When I downloaded Xiaohongshu, widely called RedNote, it was ranked first among free apps in Apple’s U.S. App Store. (The second was Lemon8, another Chinese TikTok alternative owned by TikTok’s parent company, ByteDance.) I surrendered my phone number, reported my gender and ticked off some of my interests: baby care, calligraphy, snacks. Then I absorbed a selection of the app’s algorithmically selected videos: A girl in a lace veil eating an ice pop the size of her head; a woman preparing dinner in the back seat of a minicar lined with animal plushies; a stirring fan edit of Luigi Mangione court appearances.
Soon I started to see videos pitched directly at me — welcome notes created for the American TikTok user who recently arrived on RedNote’s shores.
Inside the world of Xiaohongshu, the Americans downloading the app en masse have been branded “TikTok refugees.” Its existing Chinese users have jokingly advertised themselves as the Americans’ “new Chinese spies,” started administering Mandarin lessons and formed in-app group chats for “refugees” to get the lay of the land. They have warned that they intend to collect a tax from foreign users (the price tag: You must share a picture of a cat).
It’s all a wry commentary on the U.S. government’s crackdown on TikTok, and the relative ease with which users can simply regenerate a similar experience on some other Chinese platform. Together, Chinese power users and American newbies are spontaneously performing a mocking burlesque of national security policy.
For TikTok users, the decision to banish TikTok specifically from American phones can seem silly. Over the past several years, lawmakers have blamed the app for everything from failing to uphold “American values” to promoting pro-Palestinian content among American youth. As if American-owned social media companies like Meta have never sought to mine and exploit sensitive data. As if American-owned platforms like X would never juice their algorithms to reward certain political ideas.
But of course, it is the nature of social media to make an impersonal tech product feel intimate, while its hidden costs (and threats) remain remote and unimaginable. It makes it hard to be sure what’s really going on in the back end.
If the TikTok ban succeeds, and Americans are on Xiaohongshu to stay, they may come to dominate its culture, water down its appeal, ruin its vibe. But for the time being, they are visitors in a foreign land, struggling to read Mandarin instructions and navigate the app’s unfamiliar pathways.
The platform, which is owned by a Shanghai-based company called Xingyin Information Technology, is aglow with a giddy exchange-program feeling.

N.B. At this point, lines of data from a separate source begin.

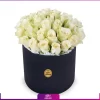 باکس گل سفید -خرید باکس گل رز - سفارش باکس گل 19شاخه-انگور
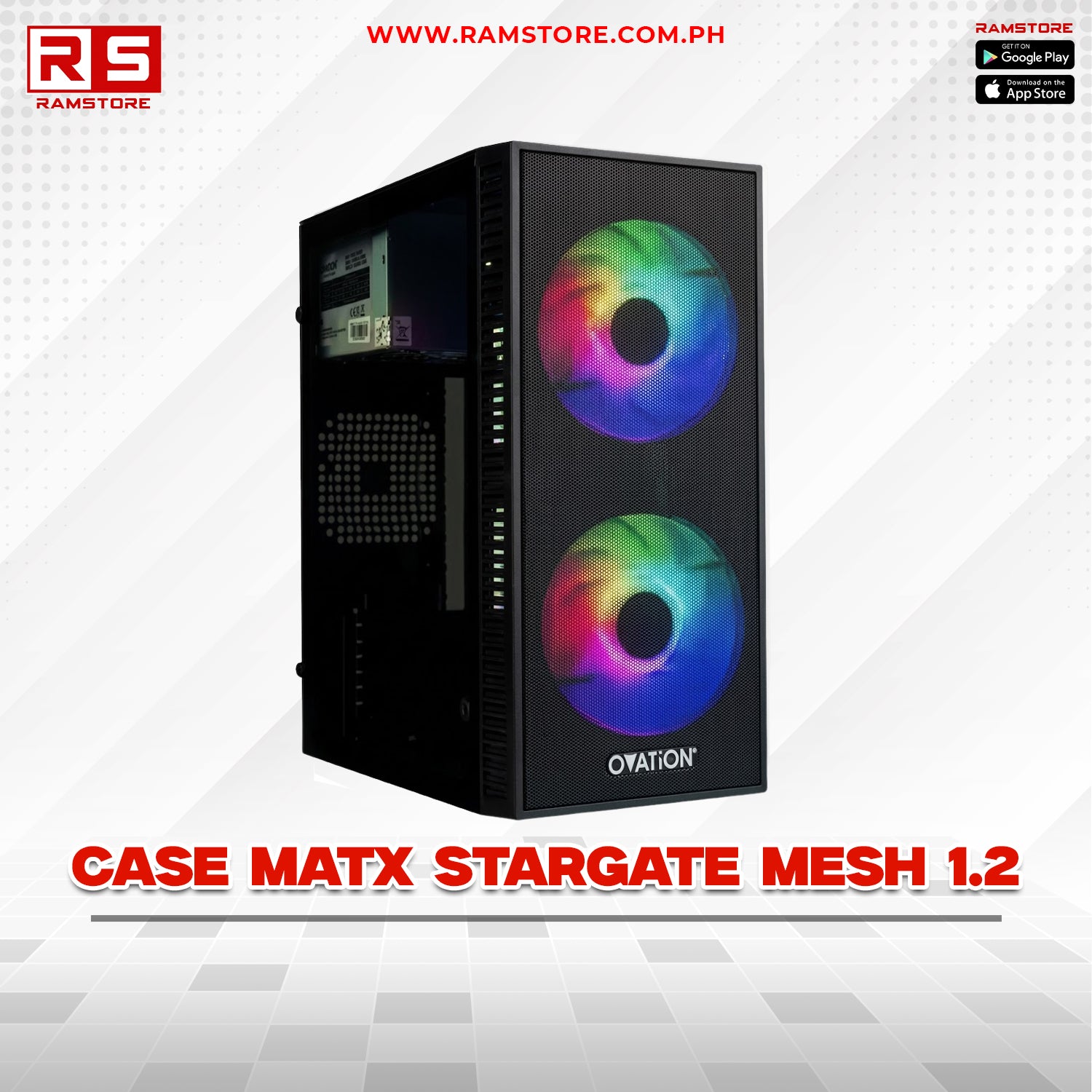 PCZ Case Matx Stargate Mesh 1.2 Psu + 2 Fan Black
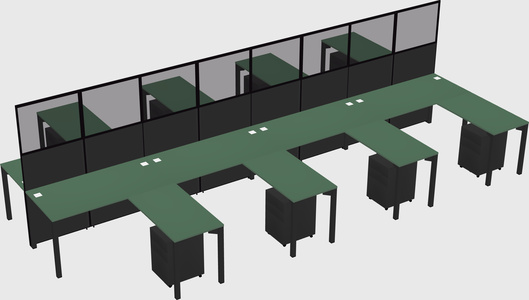 Shared l-shape cubicle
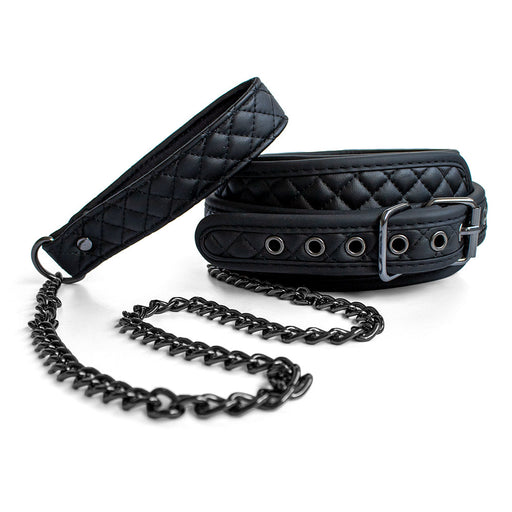 SODORRA Vegan + Neo Collar met Leash - Kunstleer - Zwart-Erotiekvoordeel.nl
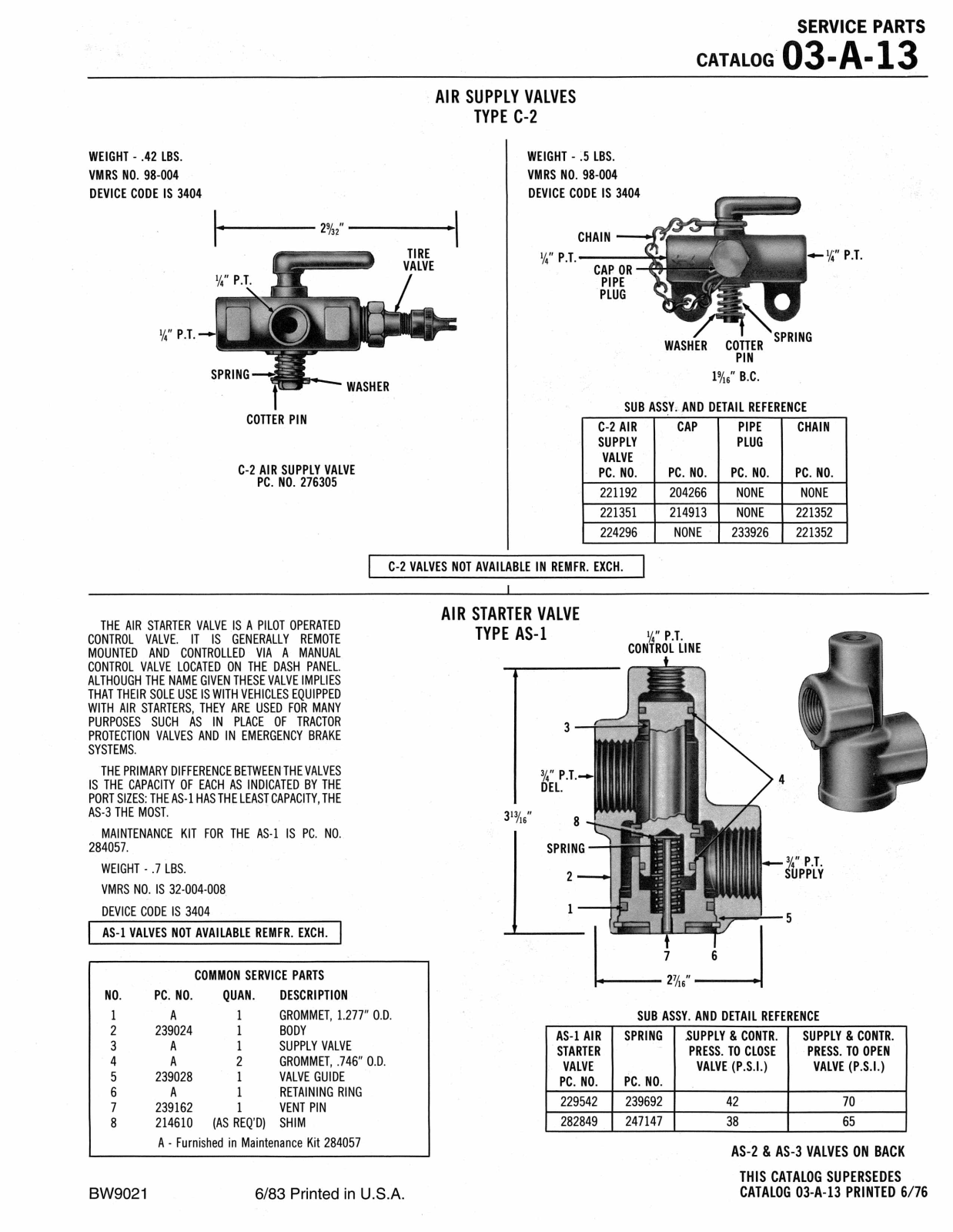 BENDIX 03-A-13 User Manual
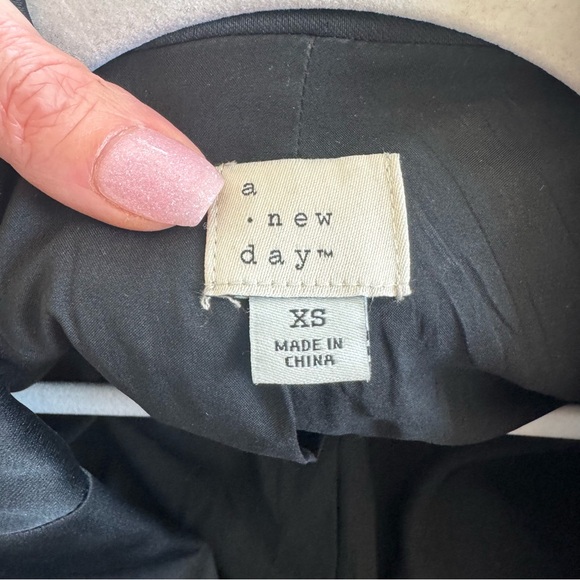 A New Day Satin Black Oversized Jacket Double Breasted Blazer XS - Picture 4 of 7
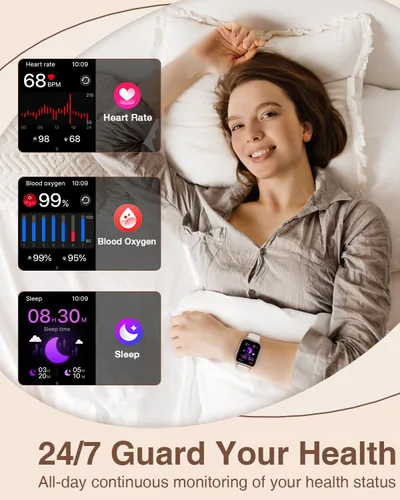 Vista 4 de Relojes inteligentes para mujer con llamadas Bluetooth, 4 bandas de 1.83 pulgadas, reloj de fitness para iPhone, Android, rastreador de actividad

On Wednesday, I encountered a little boy in a fuzzy pink sweater explaining (and modeling) a rack of Chinese traditional clothing, and a sweatshirt-wearing bro warning us not to show our butts or say anything racist, and an adorable influencer who posted a video responding to “comments from TikTok refugees,” most of them attempting to flirt with him. (One asked him how to say “daddy” in Mandarin.) The cat-meme tax is a nice touch, a signal that RedNote users are eager to communicate with Americans through our shared ancient internet language.
One of my favorite videos came from a Chinese user, a teacher of the English language, who also does a decent impression of Donald J. Trump — and who is now teaching English speakers how to say “America” in Mandarin in a Trumpian voice. The video pokes fun at Trump’s consistently bizarre pronunciation of “China” and implies that perhaps it’s time to give America the same treatment.
Xiaohongshu has provided a rare glimpse of a Chinese perspective on America, generously translated and packaged for American consumption. The glow of our digital vacation may come to an end soon, but it was worth the picture of the cat.